What you will do :: Repeat exactly the opening lines of the records, ending with the line that contains "Mette Frederiksen i midten".

══ Records provided

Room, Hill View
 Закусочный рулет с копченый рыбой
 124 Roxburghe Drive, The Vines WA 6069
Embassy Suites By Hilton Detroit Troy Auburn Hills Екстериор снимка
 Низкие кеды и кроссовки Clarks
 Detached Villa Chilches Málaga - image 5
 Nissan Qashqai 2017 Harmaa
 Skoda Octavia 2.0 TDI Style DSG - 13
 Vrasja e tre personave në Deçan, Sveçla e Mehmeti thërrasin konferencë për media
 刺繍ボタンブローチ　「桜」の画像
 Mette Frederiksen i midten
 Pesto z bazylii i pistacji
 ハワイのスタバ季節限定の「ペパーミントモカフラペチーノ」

════

Result of this exercise ::
Room, Hill View
 Закусочный рулет с копченый рыбой
 124 Roxburghe Drive, The Vines WA 6069
Embassy Suites By Hilton Detroit Troy Auburn Hills Екстериор снимка
 Низкие кеды и кроссовки Clarks
 Detached Villa Chilches Málaga - image 5
 Nissan Qashqai 2017 Harmaa
 Skoda Octavia 2.0 TDI Style DSG - 13
 Vrasja e tre personave në Deçan, Sveçla e Mehmeti thërrasin konferencë për media
 刺繍ボタンブローチ　「桜」の画像
 Mette Frederiksen i midten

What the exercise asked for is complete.